**EXERCISE DATA**
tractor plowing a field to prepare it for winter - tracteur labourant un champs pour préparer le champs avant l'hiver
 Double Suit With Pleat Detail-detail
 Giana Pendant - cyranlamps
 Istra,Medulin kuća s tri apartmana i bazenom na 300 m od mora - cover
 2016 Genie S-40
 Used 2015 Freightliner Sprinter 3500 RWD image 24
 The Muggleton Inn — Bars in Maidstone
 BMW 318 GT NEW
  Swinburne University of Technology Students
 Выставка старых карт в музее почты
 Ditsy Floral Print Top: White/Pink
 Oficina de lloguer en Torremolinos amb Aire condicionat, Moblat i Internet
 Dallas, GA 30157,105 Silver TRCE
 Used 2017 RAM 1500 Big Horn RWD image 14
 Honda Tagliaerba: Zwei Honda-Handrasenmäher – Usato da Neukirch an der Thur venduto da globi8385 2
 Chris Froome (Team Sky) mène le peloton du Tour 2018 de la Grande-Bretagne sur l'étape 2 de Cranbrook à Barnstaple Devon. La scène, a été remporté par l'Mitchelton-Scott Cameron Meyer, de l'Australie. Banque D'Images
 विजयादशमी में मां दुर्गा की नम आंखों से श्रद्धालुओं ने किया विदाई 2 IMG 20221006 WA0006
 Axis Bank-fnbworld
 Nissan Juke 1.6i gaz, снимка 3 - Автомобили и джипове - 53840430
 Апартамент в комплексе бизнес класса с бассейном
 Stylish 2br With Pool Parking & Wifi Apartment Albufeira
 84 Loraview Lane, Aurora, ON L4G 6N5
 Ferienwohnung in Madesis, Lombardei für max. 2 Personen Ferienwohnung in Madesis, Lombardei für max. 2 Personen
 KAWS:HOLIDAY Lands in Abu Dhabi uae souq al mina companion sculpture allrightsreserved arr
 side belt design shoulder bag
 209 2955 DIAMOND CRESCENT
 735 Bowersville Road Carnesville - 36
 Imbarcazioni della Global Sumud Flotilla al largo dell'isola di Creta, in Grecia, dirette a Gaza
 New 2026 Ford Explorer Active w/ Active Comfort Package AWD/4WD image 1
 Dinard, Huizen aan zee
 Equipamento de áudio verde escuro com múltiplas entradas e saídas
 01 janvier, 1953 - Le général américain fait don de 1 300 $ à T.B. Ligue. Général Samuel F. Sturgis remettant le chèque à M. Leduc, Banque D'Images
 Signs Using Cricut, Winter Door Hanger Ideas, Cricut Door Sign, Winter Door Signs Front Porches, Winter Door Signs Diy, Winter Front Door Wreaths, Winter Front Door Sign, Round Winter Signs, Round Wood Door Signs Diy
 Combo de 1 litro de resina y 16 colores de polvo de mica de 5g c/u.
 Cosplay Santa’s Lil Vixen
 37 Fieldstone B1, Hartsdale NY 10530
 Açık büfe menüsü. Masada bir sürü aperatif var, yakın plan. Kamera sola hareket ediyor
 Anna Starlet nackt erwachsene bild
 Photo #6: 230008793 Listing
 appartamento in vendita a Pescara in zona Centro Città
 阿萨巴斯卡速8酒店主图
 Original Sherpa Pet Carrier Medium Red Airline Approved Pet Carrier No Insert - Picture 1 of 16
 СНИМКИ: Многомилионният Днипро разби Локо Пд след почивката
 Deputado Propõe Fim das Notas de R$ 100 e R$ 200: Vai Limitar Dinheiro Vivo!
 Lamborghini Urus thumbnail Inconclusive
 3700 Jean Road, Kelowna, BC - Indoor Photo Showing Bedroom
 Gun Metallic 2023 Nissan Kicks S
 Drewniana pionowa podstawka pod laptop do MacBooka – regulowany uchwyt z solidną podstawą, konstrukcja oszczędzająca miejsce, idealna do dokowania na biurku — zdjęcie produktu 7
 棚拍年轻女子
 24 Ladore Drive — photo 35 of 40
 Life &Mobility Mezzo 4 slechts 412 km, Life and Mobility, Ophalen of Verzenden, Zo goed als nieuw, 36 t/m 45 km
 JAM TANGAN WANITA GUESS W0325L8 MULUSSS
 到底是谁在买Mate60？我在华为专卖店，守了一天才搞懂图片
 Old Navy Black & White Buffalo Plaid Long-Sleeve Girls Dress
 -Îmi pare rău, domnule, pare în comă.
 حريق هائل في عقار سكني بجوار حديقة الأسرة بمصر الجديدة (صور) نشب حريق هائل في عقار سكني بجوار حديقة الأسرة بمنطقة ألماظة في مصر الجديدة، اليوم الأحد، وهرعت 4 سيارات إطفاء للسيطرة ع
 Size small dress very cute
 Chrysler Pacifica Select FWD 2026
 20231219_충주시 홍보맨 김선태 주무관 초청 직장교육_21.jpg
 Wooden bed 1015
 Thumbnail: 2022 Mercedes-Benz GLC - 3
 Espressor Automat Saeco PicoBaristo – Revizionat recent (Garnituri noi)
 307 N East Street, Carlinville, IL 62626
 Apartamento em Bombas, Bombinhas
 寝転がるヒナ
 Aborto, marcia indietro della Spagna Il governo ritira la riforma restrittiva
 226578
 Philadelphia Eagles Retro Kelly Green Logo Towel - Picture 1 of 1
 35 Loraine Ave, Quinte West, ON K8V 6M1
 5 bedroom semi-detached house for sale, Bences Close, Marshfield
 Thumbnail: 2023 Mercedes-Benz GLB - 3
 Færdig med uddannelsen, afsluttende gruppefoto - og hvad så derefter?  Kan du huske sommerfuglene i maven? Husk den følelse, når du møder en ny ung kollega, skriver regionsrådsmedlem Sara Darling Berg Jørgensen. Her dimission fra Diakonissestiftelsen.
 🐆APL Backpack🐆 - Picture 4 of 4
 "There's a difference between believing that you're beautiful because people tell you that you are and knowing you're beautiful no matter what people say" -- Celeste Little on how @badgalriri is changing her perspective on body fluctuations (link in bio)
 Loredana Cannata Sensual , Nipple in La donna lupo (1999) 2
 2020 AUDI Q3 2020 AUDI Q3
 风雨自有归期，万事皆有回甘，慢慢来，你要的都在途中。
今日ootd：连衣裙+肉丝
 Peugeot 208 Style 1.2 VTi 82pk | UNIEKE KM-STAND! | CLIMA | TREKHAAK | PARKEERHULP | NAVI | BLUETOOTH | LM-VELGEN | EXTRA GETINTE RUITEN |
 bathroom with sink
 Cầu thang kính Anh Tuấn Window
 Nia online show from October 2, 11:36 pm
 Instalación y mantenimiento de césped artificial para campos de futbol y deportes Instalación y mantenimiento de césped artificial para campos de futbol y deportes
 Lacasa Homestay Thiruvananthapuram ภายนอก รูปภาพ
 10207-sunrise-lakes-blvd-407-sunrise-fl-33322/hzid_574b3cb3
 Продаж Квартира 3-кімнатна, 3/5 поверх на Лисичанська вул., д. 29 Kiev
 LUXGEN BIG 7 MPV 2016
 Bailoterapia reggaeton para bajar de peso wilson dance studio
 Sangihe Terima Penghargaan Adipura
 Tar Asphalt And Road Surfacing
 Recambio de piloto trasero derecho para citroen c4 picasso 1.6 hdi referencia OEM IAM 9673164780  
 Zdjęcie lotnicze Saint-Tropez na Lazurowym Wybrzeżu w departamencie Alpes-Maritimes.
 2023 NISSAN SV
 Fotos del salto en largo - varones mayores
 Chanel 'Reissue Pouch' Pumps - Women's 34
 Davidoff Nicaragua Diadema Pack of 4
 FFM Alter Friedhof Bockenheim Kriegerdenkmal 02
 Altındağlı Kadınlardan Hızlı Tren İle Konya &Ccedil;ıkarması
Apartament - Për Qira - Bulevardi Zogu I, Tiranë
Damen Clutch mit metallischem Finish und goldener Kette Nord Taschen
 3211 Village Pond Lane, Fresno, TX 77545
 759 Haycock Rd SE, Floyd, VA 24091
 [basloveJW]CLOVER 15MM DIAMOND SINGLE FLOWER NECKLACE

**TASK PROMPT**
All that is wanted is the stretch of lines above from the one containing "37 Fieldstone B1, Hartsdale NY 10530" through the one containing "Deputado Propõe Fim", duplicated exactly.

**OUTPUT BELOW**
 37 Fieldstone B1, Hartsdale NY 10530
 Açık büfe menüsü. Masada bir sürü aperatif var, yakın plan. Kamera sola hareket ediyor
 Anna Starlet nackt erwachsene bild
 Photo #6: 230008793 Listing
 appartamento in vendita a Pescara in zona Centro Città
 阿萨巴斯卡速8酒店主图
 Original Sherpa Pet Carrier Medium Red Airline Approved Pet Carrier No Insert - Picture 1 of 16
 СНИМКИ: Многомилионният Днипро разби Локо Пд след почивката
 Deputado Propõe Fim das Notas de R$ 100 e R$ 200: Vai Limitar Dinheiro Vivo!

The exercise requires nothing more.